The 21-year-old was often accompanied by teenagers during his trips.

West Midlands Police seized the car for having no insurance in February and officers searching the vehicle discovered a phone used to run the drugs line, which was known as "Castro".

Scores of users would text orders for drugs to the phone number and Mohammed would then contact the children to fulfil the deals.

The drugs line number was changed four times in order to avoid detection by the police.

Officers also found clothing, which included school trousers and a tie belonging to a missing child from Birmingham.

The children were filmed conducting drug deals – often completing a new transaction every 10 or 15 minutes.

The teens were selling crack cocaine and heroin, from which Mr Mohammed was making £500 a day in profit.

Three 15-year-old boys were then found in a raid on a property in Foster Street, Lincoln on 12 February, along with two known Class A drug users.

The detectives who brought the dealer to justice said they found no evidence that the children had shared in the dealer's profits.

They suspected that the teenagers had been "groomed" with false promises of money. "In reality, we found three children inside a one-bed flat alongside two Class A drug users surrounded by used syringes," said Detective Inspector Tom Hadley.

"The place was filthy, cold and there was no food in the kitchen. The children looked drawn, tired and hungry."

Twenty-five wraps of heroin and crack cocaine were recovered from the flat, as well as cash and knives.

Mohammed eventually pleaded guilty after officers also recovered CCTV from Birmingham New Street station, showing him buying train tickets for two more children to travel to Lincoln.

The teenagers – a boy aged 15 and a 14-year-old girl who had been reported missing – were found when officers from Lincolnshire and West Midlands Police raided a property in Hermit Street, Lincoln on 6 April.

Mohammed admitted to four counts of possessing drugs with intent to supply and five counts of human trafficking.

"The fact is the children were being taken away for days or weeks, exposed to potential danger in a squalid environment," said Judge Nicholas Webb, who passed Mohammed's sentence down at Birmingham Crown Court.
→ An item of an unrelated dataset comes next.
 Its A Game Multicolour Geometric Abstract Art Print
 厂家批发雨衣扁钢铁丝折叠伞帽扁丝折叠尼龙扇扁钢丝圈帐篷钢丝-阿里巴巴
The defendant stood in the dock wearing a grey tracksuit as the judge addressed him.

"Your role was significant. You were a trusted lieutenant, a trusted driver who drove or took them (the children) by train."

"Others, more senior, would liaise with the children and arrange for you to meet them."
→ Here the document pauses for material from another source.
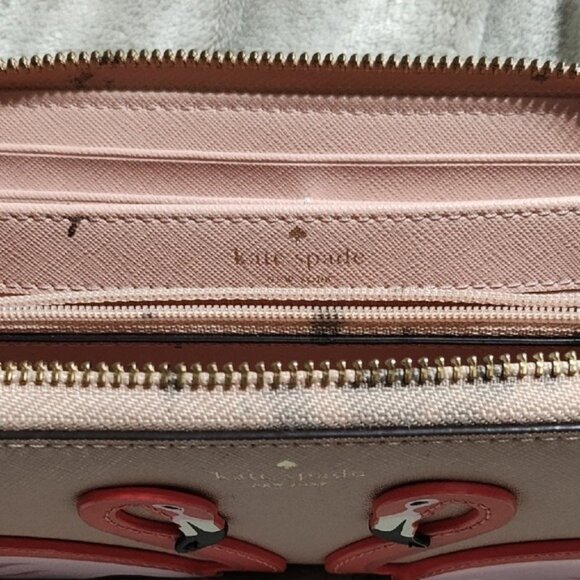 Kate Spade New York By The Pool Flamingo Lacey Wallet - Picture 5 of 12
"You were told where to go and what to do and you were doing it to pay off a (drugs) debt."

"But your role was pivotal. Somebody had to be trusted to get the children and the drugs for supply in place, and that person was you."

The judge accepted that there was no evidence that the defendant had forced or threatened the children into taking part.

"Your contribution," he said "was to exploit their vulnerability."

Police officers welcomed the sentence.

"[The children] have gone through a significant ordeal because at 14 or 15 years old they are vulnerable," said Superintendent Richard Agar, West Midlands Police's lead for county lines inquiries.

"When we did enforcement activity they were found in a flat that was dishevelled, it was unhygienic, it was covered in drugs paraphernalia. There was no heating in the flat and there was no food.

"The children themselves appeared to be disorientated, they were dishevelled themselves. It was unclear when they had last eaten.

"Zakaria Mohammed, the person who put all this together, was quite cynical in his activities. He conducted a business and he saw the children as a commodity to extend his own business.

"At an early stage in the investigation we recognised that these children were victims, that they were being exploited.

"We are working really closely with their parents, with children's services to make sure they are getting the support that they need."

Detective Constable Max Gebhard, of West Midlands Police, added: "This is a hugely significant conviction for West Midlands Police and law enforcement as a whole across the UK.

"It shows that we can go after county lines offenders not just for drug supply but also under trafficking legislation due to them exploiting children."